Data records:
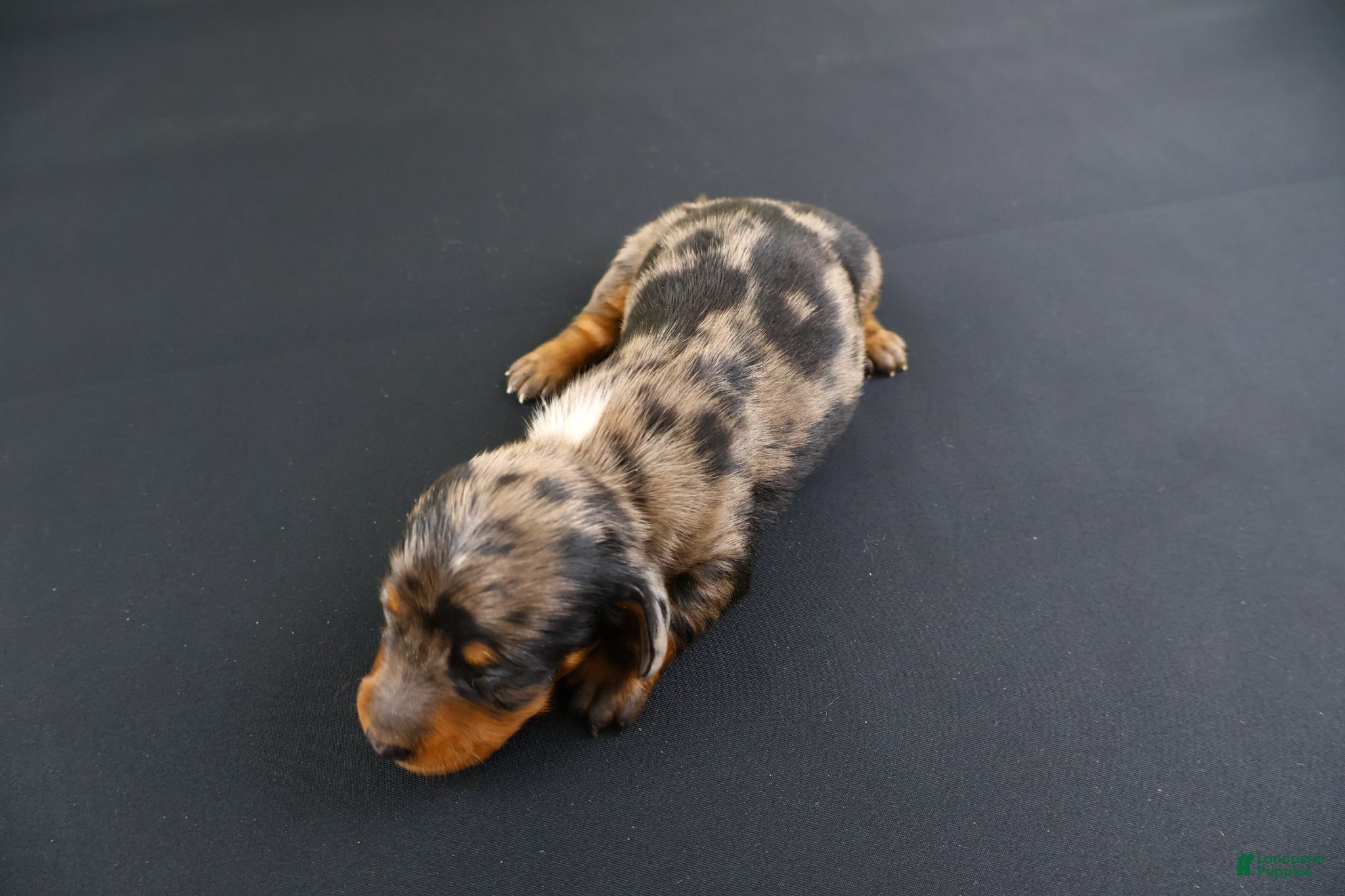 Miniature Dachshund dogs Miniature Dachshund Puppy 3 - Ad 1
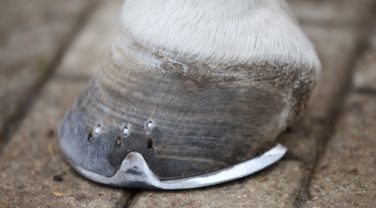 Healthy Hooves on Laminitis-Prone Horse
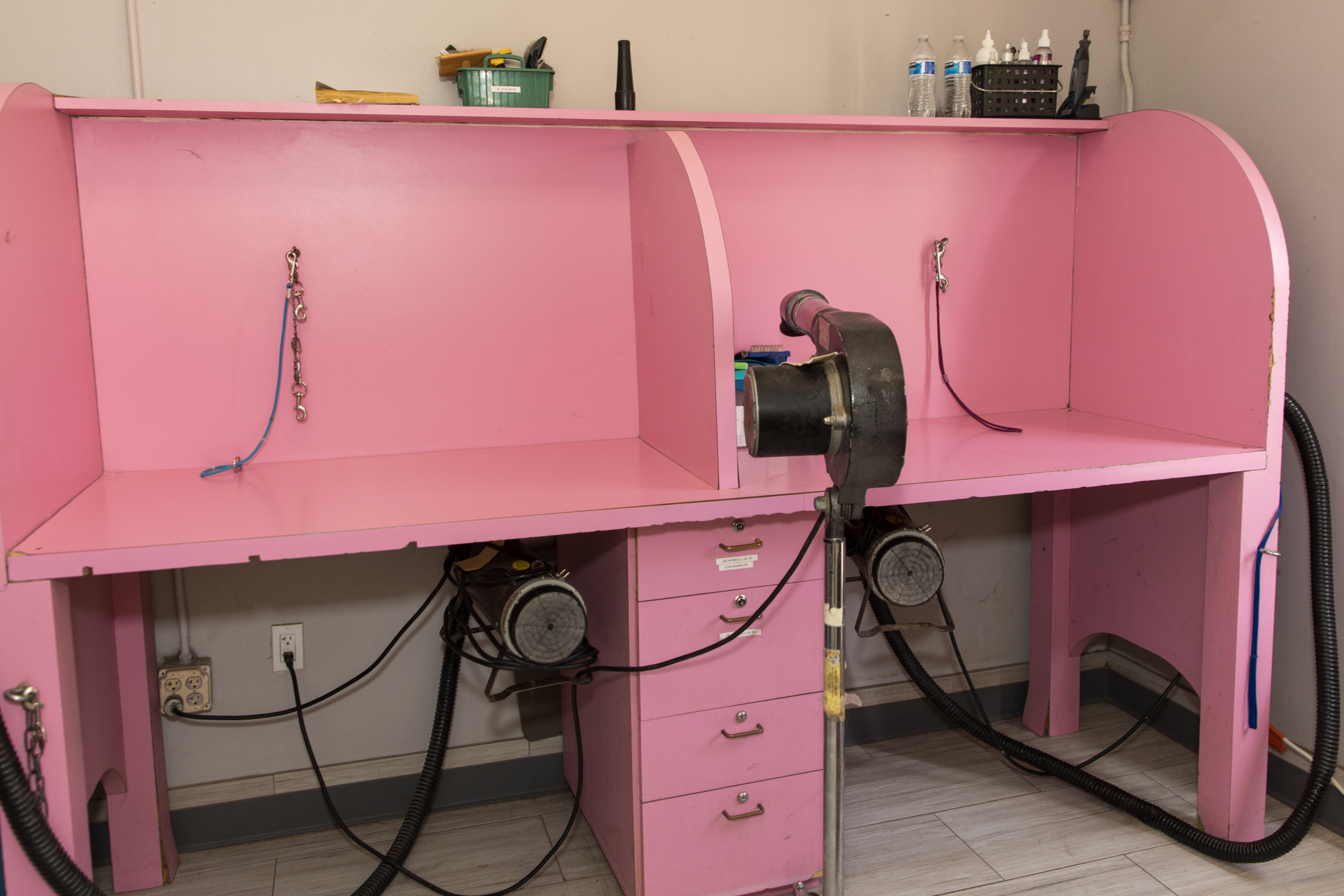 4 Paws Pet Resort Grooming Station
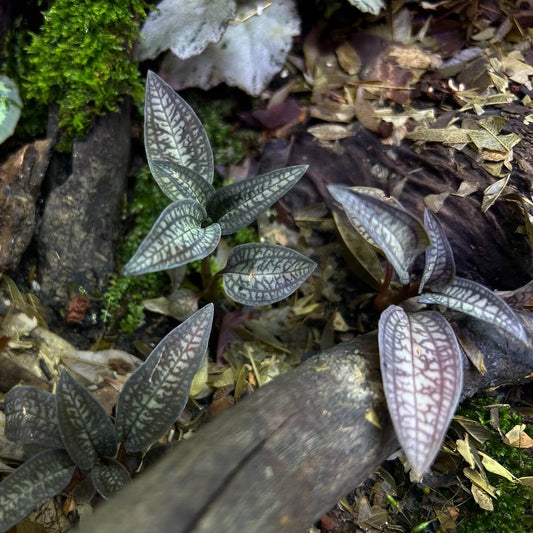 Cheirostylis montana is a rare and captivating jewel orchid native to Southeast Asia, particularly found in Thailand, Malaysia, and Indonesia. Renowned for its delicate white flowers and strikingly patterned foliage, it is a terrestrial orchid that thrives in humid, shaded environments.
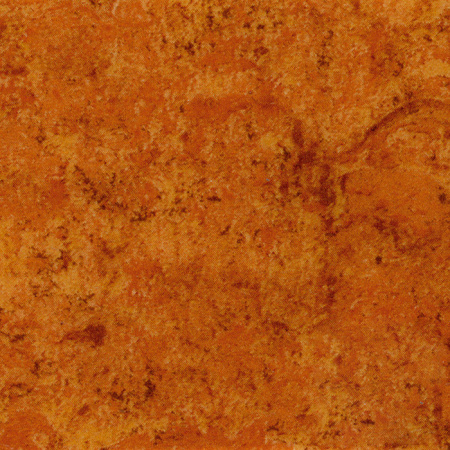 200008 (1)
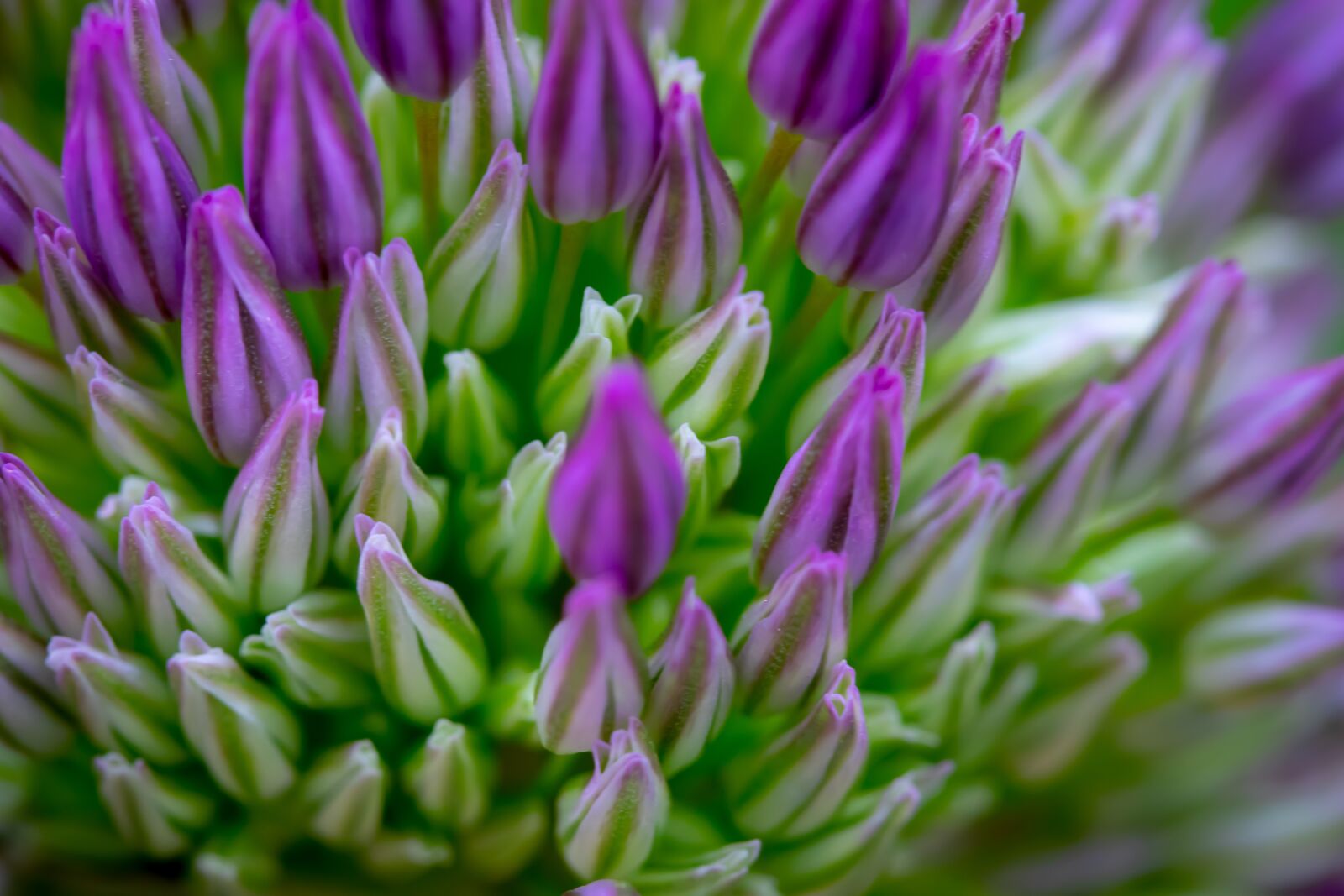 Canon EF-S 60mm F2.8 Macro USM sample photo. Ornamental onion, allium plant photography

WHAT TO PRODUCE: From the line containing "Healthy Hooves on Laminitis-Prone Horse" through the final line of the records, write out each line exactly, and include no pictures.

ANSWER FOR THE TASK:
 Healthy Hooves on Laminitis-Prone Horse
 4 Paws Pet Resort Grooming Station
 Cheirostylis montana is a rare and captivating jewel orchid native to Southeast Asia, particularly found in Thailand, Malaysia, and Indonesia. Renowned for its delicate white flowers and strikingly patterned foliage, it is a terrestrial orchid that thrives in humid, shaded environments.
 200008 (1)
 Canon EF-S 60mm F2.8 Macro USM sample photo. Ornamental onion, allium plant photography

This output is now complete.